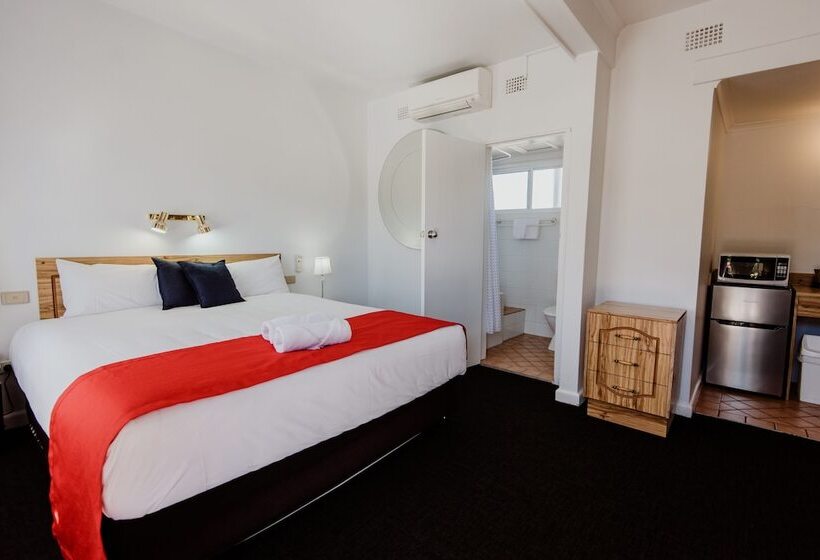 فندق على الطريق City Sider Motor Inn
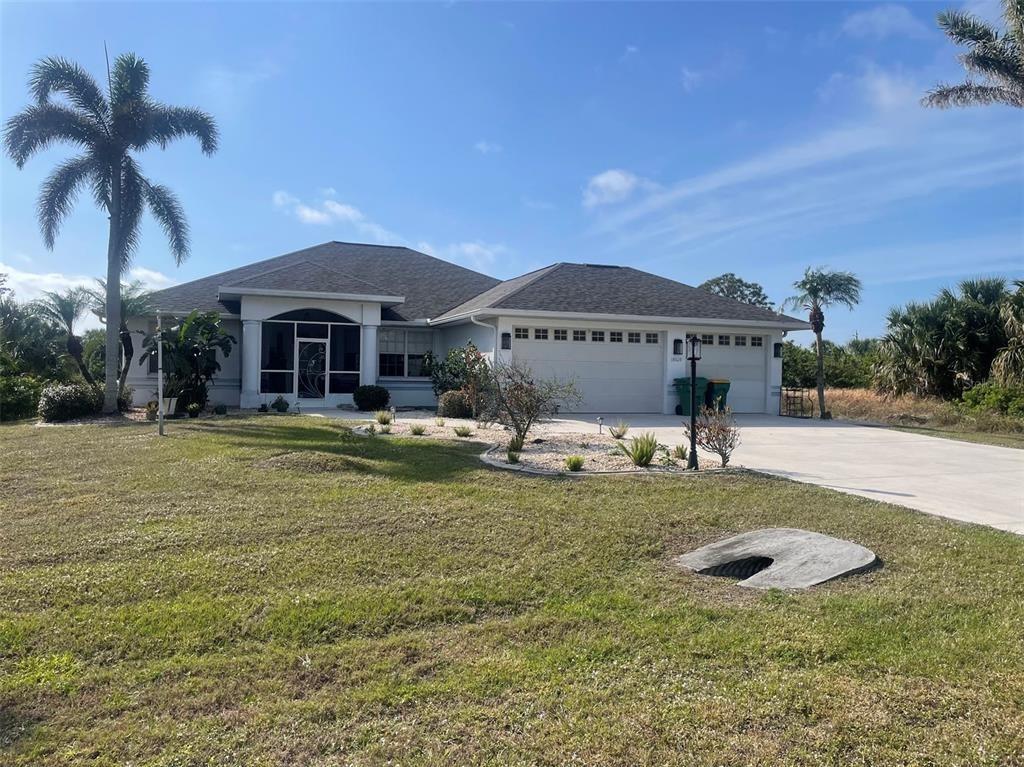 Ohara Dr, Port Charlotte, FL 33948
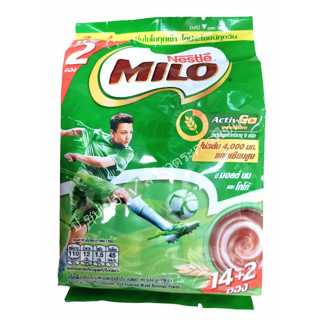 MILO ไมโล แอคทิฟ-โก 3อิน1 เครื่องดื่มช็อกโกแลตมอลต์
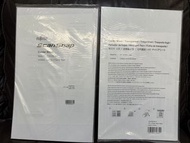 10 ScanSnap Carrier Sheets (FI-511ES, A3)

**Task to complete:** The material above should be repeated word for word, with every picture omitted.

**Response to this task:**
 فندق على الطريق City Sider Motor Inn
 Ohara Dr, Port Charlotte, FL 33948
 MILO ไมโล แอคทิฟ-โก 3อิน1 เครื่องดื่มช็อกโกแลตมอลต์
 10 ScanSnap Carrier Sheets (FI-511ES, A3)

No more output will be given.